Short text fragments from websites
┄┄┄┄┄┄

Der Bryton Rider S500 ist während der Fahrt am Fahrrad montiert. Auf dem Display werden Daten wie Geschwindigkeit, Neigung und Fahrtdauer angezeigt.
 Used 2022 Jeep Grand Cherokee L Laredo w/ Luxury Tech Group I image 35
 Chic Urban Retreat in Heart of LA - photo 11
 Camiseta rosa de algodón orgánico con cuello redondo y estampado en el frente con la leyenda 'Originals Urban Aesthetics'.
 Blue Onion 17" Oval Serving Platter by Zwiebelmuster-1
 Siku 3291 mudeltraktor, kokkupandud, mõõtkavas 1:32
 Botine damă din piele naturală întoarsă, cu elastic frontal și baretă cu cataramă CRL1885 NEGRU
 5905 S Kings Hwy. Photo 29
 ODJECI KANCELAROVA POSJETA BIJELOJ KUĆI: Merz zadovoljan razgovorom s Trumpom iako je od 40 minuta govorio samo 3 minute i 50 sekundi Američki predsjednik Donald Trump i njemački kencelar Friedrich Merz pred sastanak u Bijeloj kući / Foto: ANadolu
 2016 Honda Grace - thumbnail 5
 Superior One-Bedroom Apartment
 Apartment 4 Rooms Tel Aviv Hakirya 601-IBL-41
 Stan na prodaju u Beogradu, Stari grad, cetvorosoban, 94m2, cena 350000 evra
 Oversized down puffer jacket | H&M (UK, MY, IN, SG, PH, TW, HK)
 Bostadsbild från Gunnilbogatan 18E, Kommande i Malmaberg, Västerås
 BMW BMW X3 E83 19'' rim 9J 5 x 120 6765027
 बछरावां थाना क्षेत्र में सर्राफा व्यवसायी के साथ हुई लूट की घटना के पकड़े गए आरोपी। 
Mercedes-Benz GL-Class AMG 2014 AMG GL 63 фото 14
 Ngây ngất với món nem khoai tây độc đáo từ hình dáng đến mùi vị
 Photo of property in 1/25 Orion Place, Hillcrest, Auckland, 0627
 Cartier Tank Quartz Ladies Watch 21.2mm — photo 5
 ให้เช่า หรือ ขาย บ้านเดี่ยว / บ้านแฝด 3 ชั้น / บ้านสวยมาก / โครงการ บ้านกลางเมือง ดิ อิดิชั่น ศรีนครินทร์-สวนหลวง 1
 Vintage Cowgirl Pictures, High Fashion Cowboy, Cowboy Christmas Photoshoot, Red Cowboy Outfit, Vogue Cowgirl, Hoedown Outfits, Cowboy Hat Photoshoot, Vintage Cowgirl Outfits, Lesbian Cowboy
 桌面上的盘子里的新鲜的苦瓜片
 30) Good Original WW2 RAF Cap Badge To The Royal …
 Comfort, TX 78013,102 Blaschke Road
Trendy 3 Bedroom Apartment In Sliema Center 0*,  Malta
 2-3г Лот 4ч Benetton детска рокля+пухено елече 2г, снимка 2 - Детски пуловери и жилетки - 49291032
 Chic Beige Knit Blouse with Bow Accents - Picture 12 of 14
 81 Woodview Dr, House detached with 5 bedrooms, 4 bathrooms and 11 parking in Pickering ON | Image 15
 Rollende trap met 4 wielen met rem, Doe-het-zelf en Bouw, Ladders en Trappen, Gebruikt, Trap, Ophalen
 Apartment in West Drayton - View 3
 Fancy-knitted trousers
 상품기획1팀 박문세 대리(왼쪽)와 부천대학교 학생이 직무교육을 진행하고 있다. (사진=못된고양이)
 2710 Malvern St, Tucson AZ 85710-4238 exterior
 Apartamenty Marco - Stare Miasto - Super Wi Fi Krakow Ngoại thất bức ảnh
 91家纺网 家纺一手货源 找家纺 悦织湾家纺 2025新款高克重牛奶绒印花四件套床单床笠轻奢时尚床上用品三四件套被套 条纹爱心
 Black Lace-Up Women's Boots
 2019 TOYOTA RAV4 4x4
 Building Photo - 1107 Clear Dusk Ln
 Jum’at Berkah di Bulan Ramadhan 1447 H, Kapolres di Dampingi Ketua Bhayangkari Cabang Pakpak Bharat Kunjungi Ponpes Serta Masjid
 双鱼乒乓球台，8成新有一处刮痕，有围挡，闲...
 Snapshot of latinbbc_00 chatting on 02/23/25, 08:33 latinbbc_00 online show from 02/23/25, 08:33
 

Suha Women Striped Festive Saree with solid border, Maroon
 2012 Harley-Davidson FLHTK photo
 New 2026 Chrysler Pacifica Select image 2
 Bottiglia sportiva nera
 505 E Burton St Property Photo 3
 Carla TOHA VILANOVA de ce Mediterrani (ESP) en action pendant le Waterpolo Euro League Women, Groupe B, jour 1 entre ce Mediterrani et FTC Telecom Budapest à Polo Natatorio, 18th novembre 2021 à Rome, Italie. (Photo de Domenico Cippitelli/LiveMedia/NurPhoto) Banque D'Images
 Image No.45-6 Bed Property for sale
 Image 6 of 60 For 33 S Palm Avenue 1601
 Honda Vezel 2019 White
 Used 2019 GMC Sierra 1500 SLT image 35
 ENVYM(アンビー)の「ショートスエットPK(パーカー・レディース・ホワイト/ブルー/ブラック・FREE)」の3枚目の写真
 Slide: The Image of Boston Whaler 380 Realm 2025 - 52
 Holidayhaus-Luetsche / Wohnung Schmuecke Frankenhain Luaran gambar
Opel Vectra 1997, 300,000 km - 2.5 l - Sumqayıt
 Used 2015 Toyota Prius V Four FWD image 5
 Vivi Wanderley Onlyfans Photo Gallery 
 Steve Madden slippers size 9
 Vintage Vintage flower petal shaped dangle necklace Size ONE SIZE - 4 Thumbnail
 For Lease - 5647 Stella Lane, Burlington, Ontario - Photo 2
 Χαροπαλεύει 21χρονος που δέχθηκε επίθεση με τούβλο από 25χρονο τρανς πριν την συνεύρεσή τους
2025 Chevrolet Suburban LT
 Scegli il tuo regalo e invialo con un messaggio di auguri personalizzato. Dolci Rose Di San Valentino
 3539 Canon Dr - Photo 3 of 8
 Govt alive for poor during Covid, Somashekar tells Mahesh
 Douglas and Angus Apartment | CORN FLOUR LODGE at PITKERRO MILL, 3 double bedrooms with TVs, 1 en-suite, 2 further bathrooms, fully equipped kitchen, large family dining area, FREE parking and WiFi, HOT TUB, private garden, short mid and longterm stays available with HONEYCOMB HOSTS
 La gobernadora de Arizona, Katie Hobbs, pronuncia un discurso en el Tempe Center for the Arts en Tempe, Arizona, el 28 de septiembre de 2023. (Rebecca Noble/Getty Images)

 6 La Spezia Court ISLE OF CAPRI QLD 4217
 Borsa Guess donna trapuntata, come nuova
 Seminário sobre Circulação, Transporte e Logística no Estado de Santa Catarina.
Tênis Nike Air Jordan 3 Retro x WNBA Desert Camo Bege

┄┄┄┄┄┄

** Task requirements **
Please output exactly the lines between the one holding "Platter by Zwiebelmuster-1" and the one holding "5905 S Kings Hwy. Photo 29" in the records above, inclusive, and nothing more.

** Response for this exercise **
 Blue Onion 17" Oval Serving Platter by Zwiebelmuster-1
 Siku 3291 mudeltraktor, kokkupandud, mõõtkavas 1:32
 Botine damă din piele naturală întoarsă, cu elastic frontal și baretă cu cataramă CRL1885 NEGRU
 5905 S Kings Hwy. Photo 29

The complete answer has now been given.